> _PROMPT_
Exactly reproduce the lines of the listing below from the one containing "0.5 Carat Designer" through the one containing "Imagen animada con". Skip the images.

> _STORED DATA_
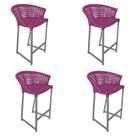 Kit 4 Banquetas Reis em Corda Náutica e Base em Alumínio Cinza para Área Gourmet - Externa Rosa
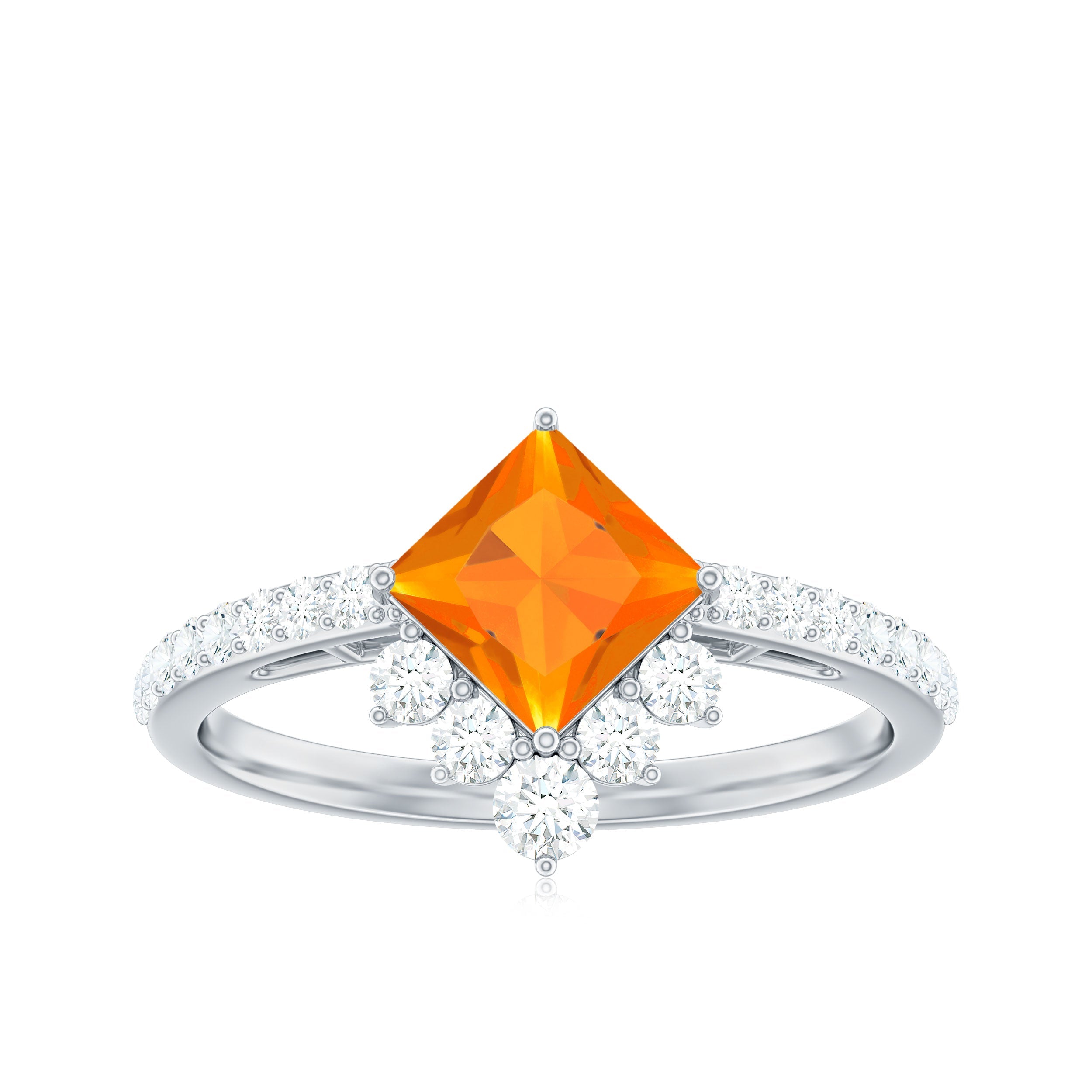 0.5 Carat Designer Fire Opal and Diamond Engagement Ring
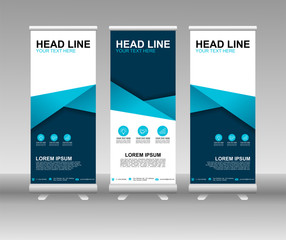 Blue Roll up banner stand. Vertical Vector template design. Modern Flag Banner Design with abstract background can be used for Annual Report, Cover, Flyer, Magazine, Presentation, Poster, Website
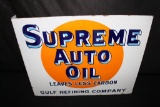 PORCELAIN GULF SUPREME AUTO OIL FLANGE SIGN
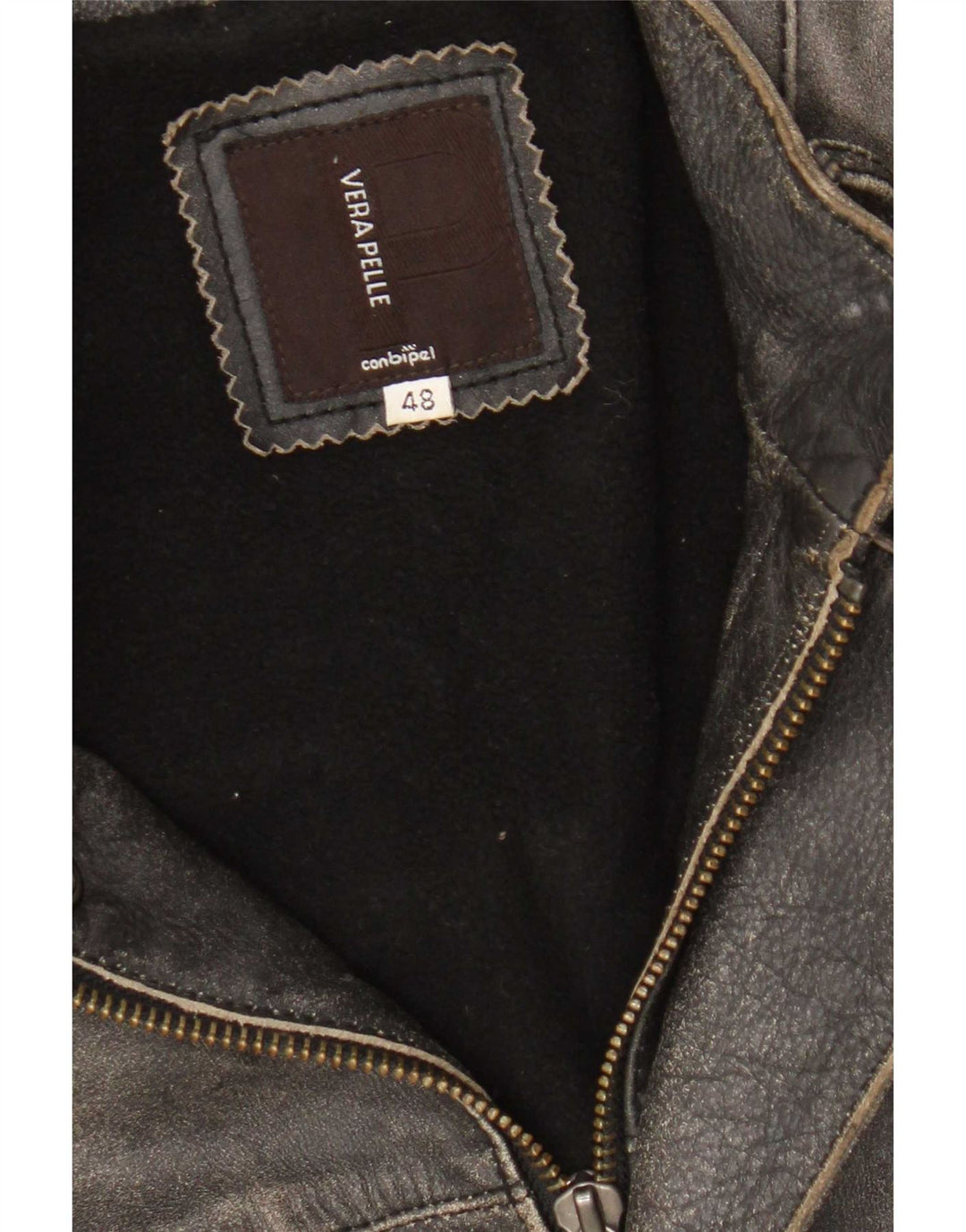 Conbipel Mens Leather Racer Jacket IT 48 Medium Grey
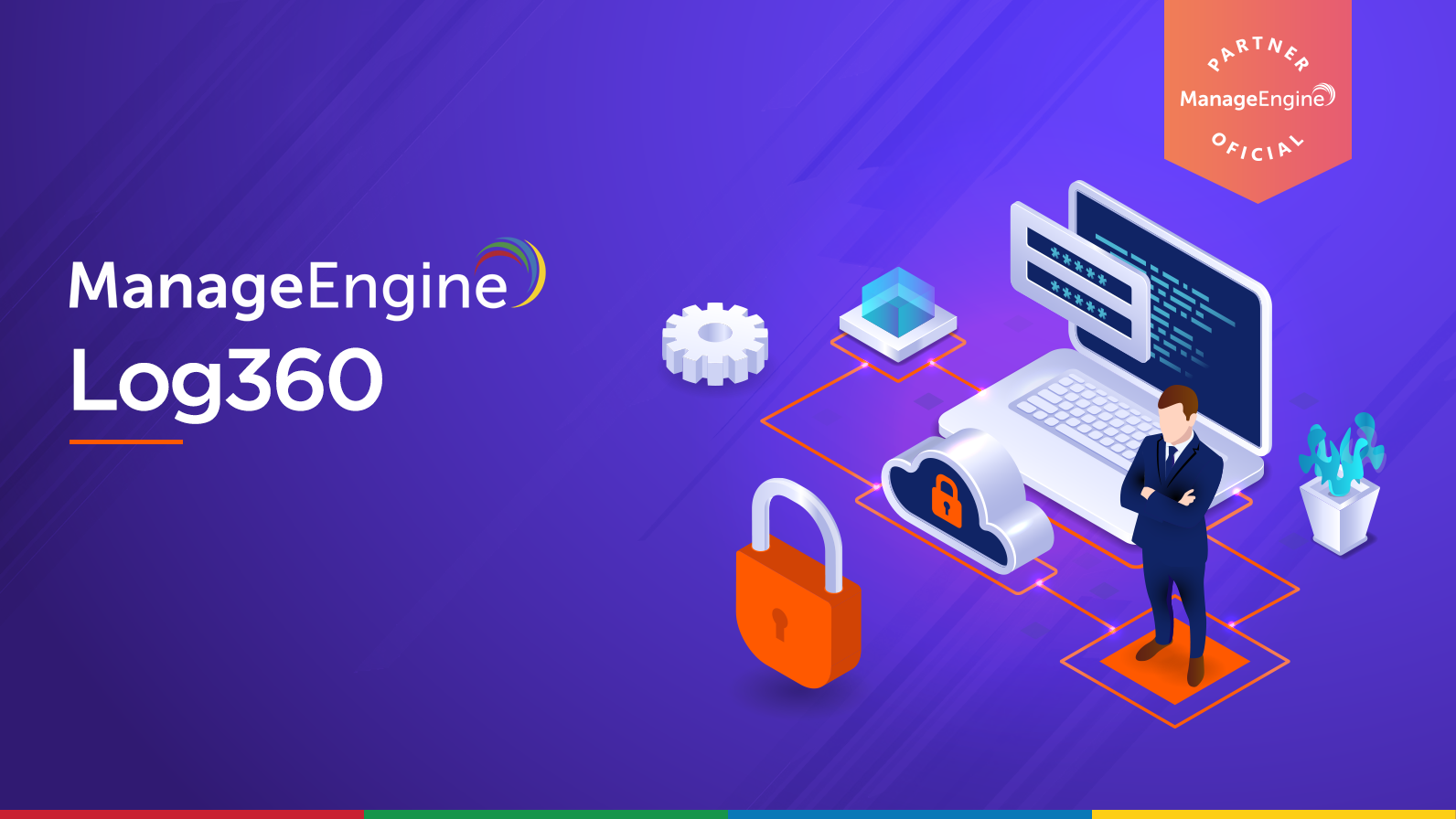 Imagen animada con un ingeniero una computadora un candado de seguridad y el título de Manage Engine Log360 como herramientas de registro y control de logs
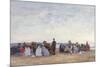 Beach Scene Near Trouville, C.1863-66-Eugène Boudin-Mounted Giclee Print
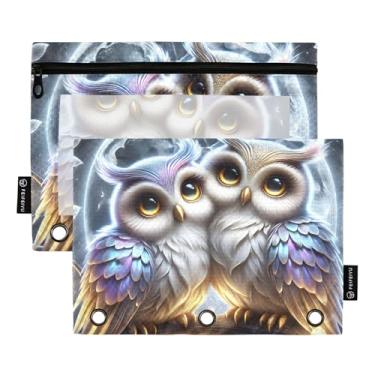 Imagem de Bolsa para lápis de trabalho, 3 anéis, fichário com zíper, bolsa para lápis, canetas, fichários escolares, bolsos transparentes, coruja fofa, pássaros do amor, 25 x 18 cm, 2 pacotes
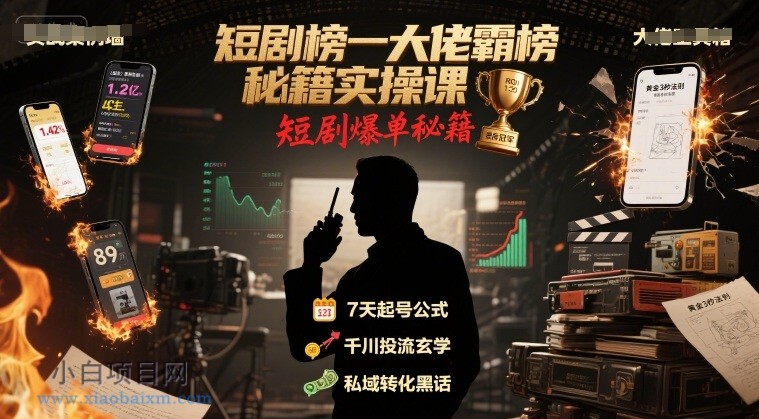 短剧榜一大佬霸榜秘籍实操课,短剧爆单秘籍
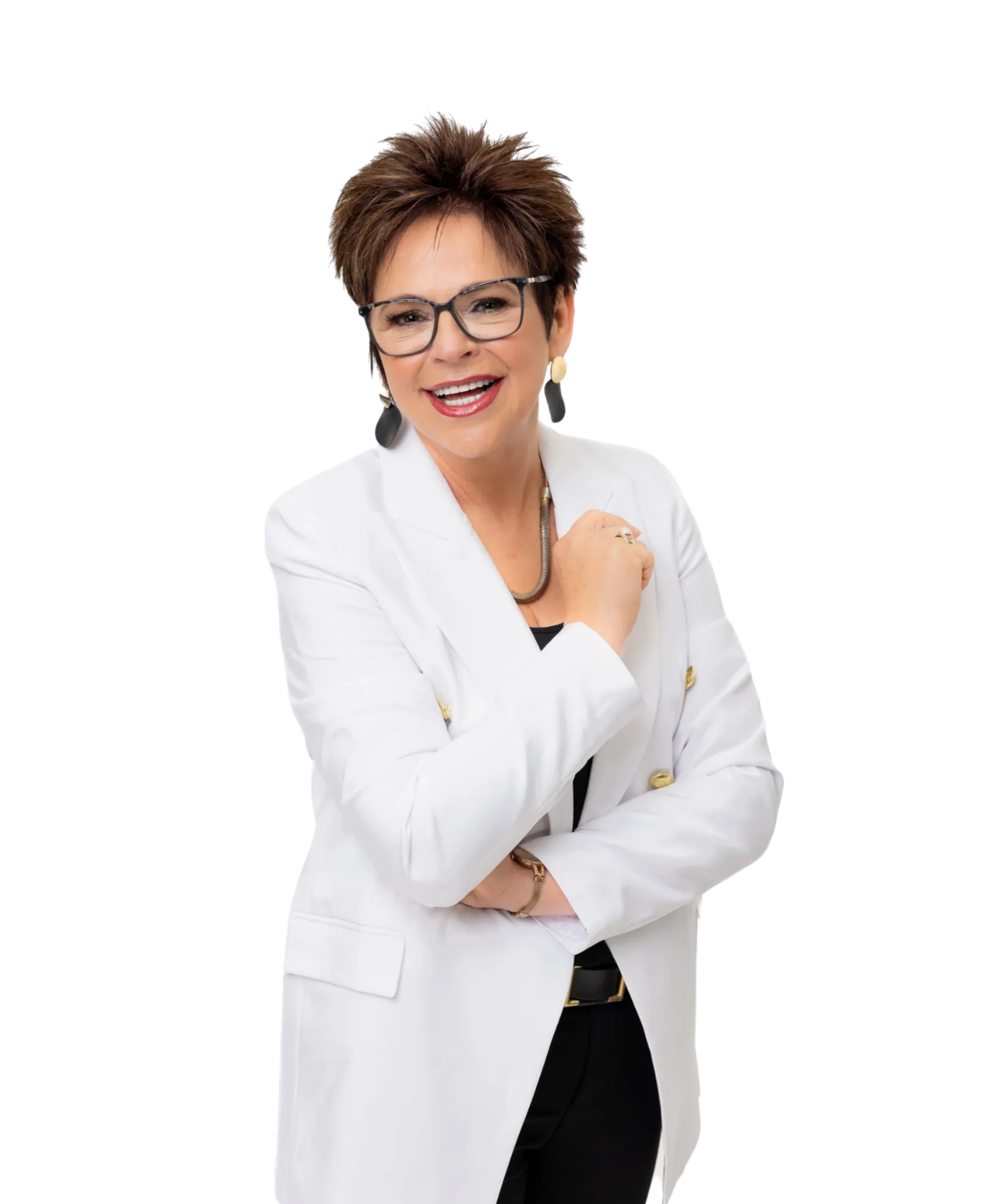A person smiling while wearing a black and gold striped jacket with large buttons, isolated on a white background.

> _EXPECTED ANSWER_
 0.5 Carat Designer Fire Opal and Diamond Engagement Ring
 Blue Roll up banner stand. Vertical Vector template design. Modern Flag Banner Design with abstract background can be used for Annual Report, Cover, Flyer, Magazine, Presentation, Poster, Website
 PORCELAIN GULF SUPREME AUTO OIL FLANGE SIGN
 Conbipel Mens Leather Racer Jacket IT 48 Medium Grey
 Imagen animada con un ingeniero una computadora un candado de seguridad y el título de Manage Engine Log360 como herramientas de registro y control de logs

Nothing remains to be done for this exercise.